[Themaintainers] Introductions
Ian Lowrie
il4 at rice.edu
Thu Mar 12 06:09:41 EDT 2015
Hi Folks,
I'm Ian Lowrie, a PhD candidate in the anthropology department at Rice
University. Currently, I'm living in Moscow and doing some research
about the data sciences here for my dissertation. I'm working at the
intersection of academy and industry, where a powerful coalition of
elites are attempting to shape new institutions and build new types of
education adequate to training a generation of professionals capable
of responding to the demands placed on them by reforms in the Russian
science system and the emerging Russian information economy alike.
As you can imagine, there is a whole lot of innovation-speak in this
world. I find this call to study maintenance congenial for three main
reasons.
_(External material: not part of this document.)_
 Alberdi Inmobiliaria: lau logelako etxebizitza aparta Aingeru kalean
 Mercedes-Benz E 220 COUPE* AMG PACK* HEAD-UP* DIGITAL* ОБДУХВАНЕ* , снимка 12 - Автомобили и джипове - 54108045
First, a huge part of this task of reform is figuring out how
to keep Russia's historical excellence in fundamental mathematics
research and education while also working towards breaking down the
barrier between the academy and the world of "applied tasks" that is
in many ways perceived to have produced this excellence in the first
place. The question, in other words, is how to maintain the embodied
expertise and pedagogical infrastructure that produced this
excellence, while redirecting its output somewhat.
Second, though data science is infamous for mission-creep -- for
always extending its central heuristics and machines to new problems,
some might say prematurely -- a lot of what it actually does here in
Russia is much closer to maintenance than the production of new
services. Computer vision is used for automated inspection of quite
literal infrastructure, for example, or for corroborating gaps in
existing personnel databases, and natural language processing is used
not only for analysis of but for fixing indexing errors in
already-existing databases as they are moved to digital platforms; all
of which is the taking-over of existing types of maintenance, despite
the glossy cover in which it often comes packaged.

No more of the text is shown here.